Si arriva così al 1996, quando il governo olandese dichiarò che “il dibattito sul multiculturalismo deve essere basato sul principio che tutte le culture vanno messe sullo stesso piano”. E così è stato, per anni. Nel 2002 il politico di destra Pim Fortuyn venne assassinato; si era in piena campagna elettorale. Tre mesi prima, Fortuyn aveva lanciato un appello perché nella Costituzione olandese venisse rimosso un articolo anti-discriminazione.
Il giorno dopo il suo omicidio, l’editore dell’NRC Handelsblad, uno dei principali quotidiani olandesi, scrisse che “l’orgoglio degli olandesi risiede proprio nel fatto di non ritenere una cultura superiore ad un’altra”. Chi scriveva sembra non si sia accorto che il suo orgoglio metteva la cultura olandese sopra altre culture – per esempio, quella basata sui valori nazionali.
E nel 2009, quando il teologo dell’Università di Utrecht Pieter van der Horst volle dedicare il suo discorso di apertura dell’anno accademico alla “Islamizzazione dell’antisemitismo europeo” l’istituzione gli vietò di parlare, lasciando così che il timore di dispiacere agli islamici prevalesse su un diritto almeno apparentemente garantito, in Olanda: la libertà di parola.
L’effetto combinato del senso di colpa cristiano e dell’odio che sembriamo nutrire verso noi stessi può essere avvertito in tutto il mondo, ed è stato rilevato da altre culture e prontamente usato contro l’Europa. Dopo la Seconda guerra mondiale l’Occidente architettò le Nazioni unite, in parte per indebolire la propria egemonia. Nel giro di trent’anni, all’Onu si è formata una maggioranza che automaticamente attacca l’Occidente e Israele.
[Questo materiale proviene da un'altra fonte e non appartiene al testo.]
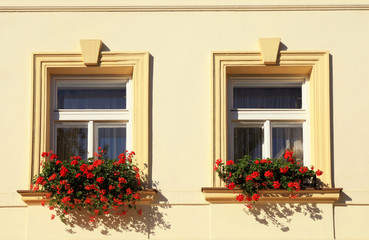 Fototapeta na wymiar windows and flower boxes, Prague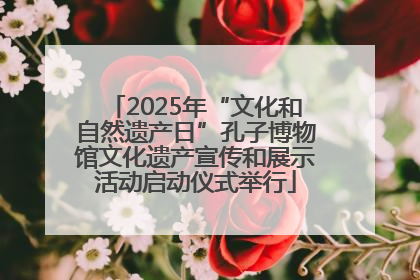 2025年“文化和自然遗产日”孔子博物馆文化遗产宣传和展示活动启动仪式举行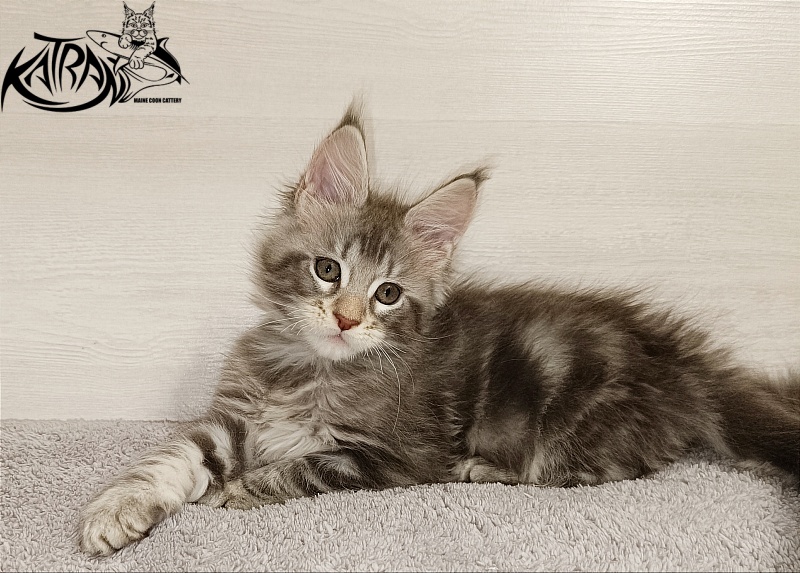 Katran Ajax - Kitten maine-coon 2 months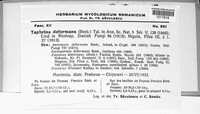 Taphrina deformans image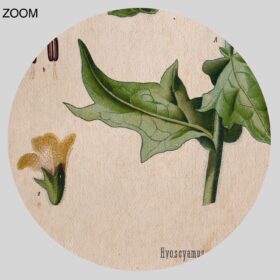 Printable Henbane, Hyoscýamus níger magic herb, poison, botanical art - vintage print poster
Il Consiglio Onu per i diritti umani, che ha sede a Ginevra, elesse il colonnello libico Gheddafi a far parte dei suo membri, dandogli modo di fare il giudice dello stato delle libertà civili in tutte le nazioni del mondo.
Per tredici anni, l’organizzazione Onu per l’educazione, la cultura e la scienza – l’Unesco – è stata guidata dall’insegnante senegalese Amadou-Mohtar M’Bow, un personaggio dai feroci sentimenti anti-occidentali dietro cui c’era l’Unione sovietica, il quale guidava l’organizzazione come se fosse un villaggio tribale africano. Nel 1984 gli Stati Uniti ne uscirono, e un anno dopo fecero lo stesso Regno Unito e Singapore. I paesi dell’Europa continentale invece restarono, e si lasciarono debitamente castigare.
E’ un bene che una manciata di leader stia adesso cercando di invertire la marea del nostro lento suicidio culturale. Se l’Europa riesce a riacquistare l’orgoglio delle sue tradizioni e dei suoi valori, per lei e per il mondo sarà un gran beneficio.
Frits Bolkestein è un ex esponente politico della destra olandese, già commissario europeo per il mercato interno e i servizi.